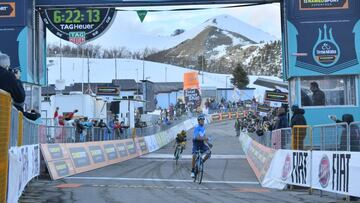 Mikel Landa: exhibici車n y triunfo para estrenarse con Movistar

▬▬▬

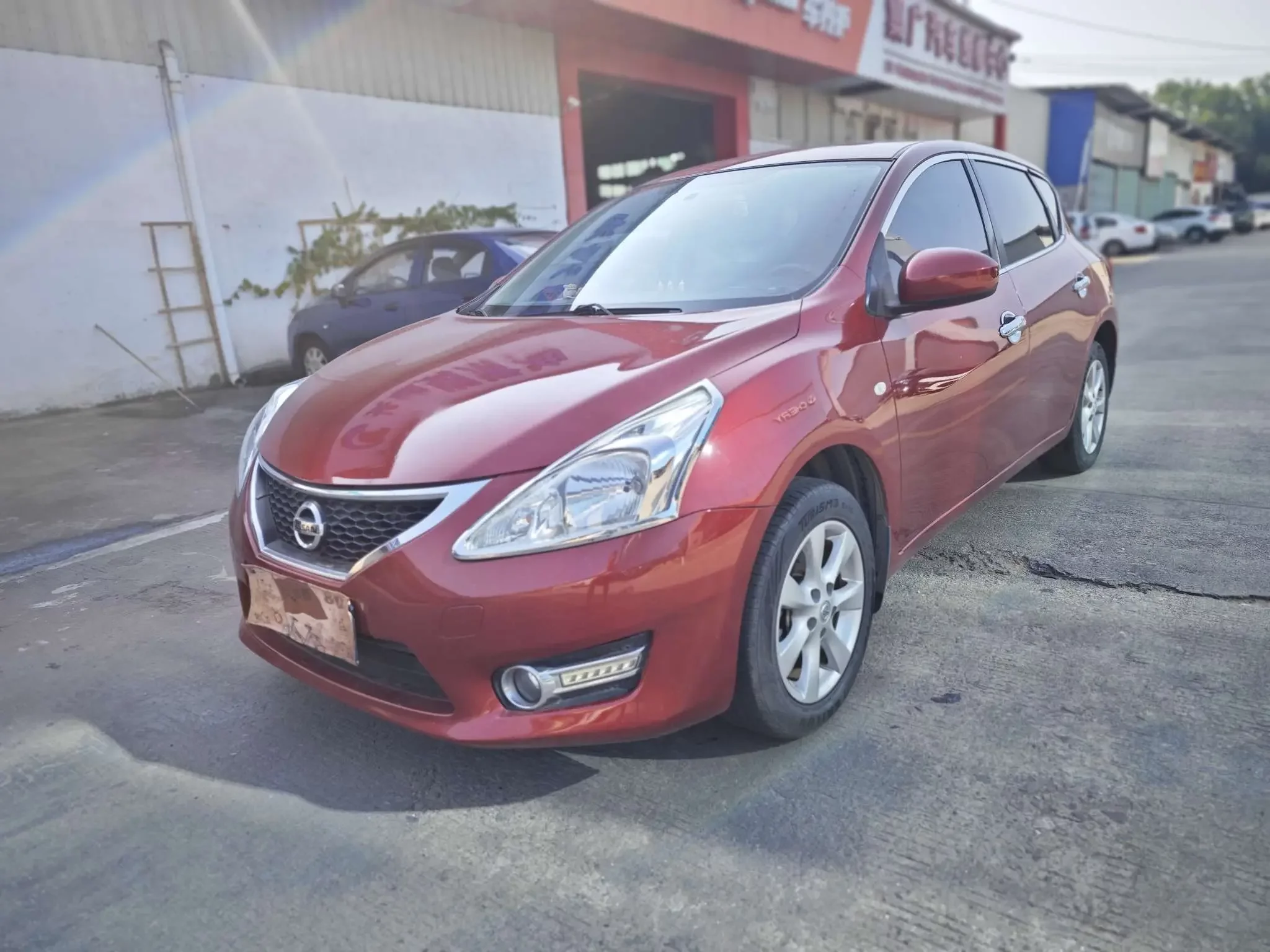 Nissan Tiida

▬▬▬

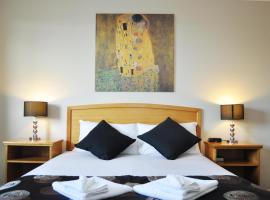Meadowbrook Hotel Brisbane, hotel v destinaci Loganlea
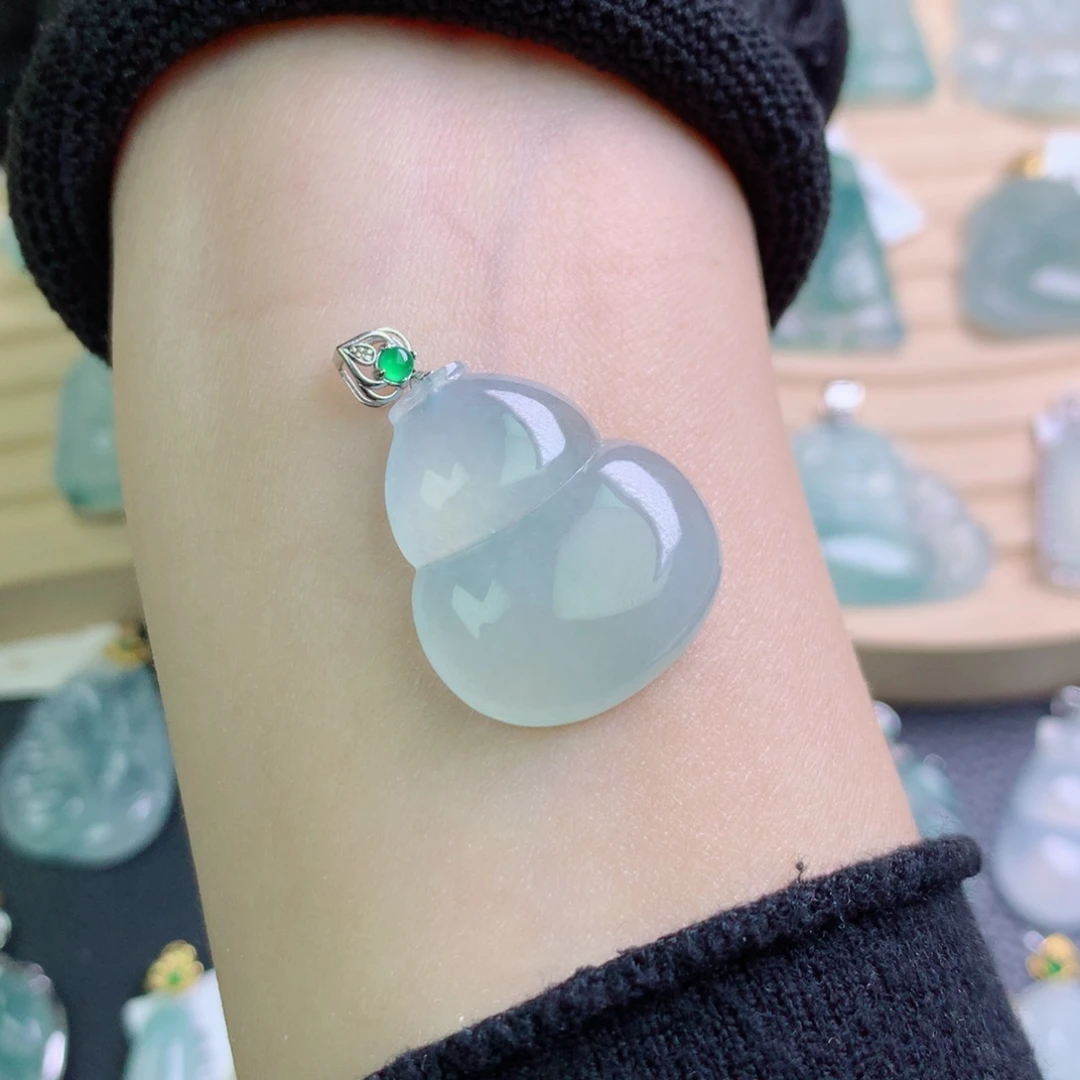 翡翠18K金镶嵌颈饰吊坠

▬▬▬

• GOAL OF THE EXERCISE:
Starting at the line above that contains "Meadowbrook Hotel Brisbane, hotel", transcribe every line exactly through the line that contains "翡翠18K金镶嵌颈饰吊坠", including that last one, and skip the pictures.

• ANSWER FOR THE TASK:
Meadowbrook Hotel Brisbane, hotel v destinaci Loganlea
 翡翠18K金镶嵌颈饰吊坠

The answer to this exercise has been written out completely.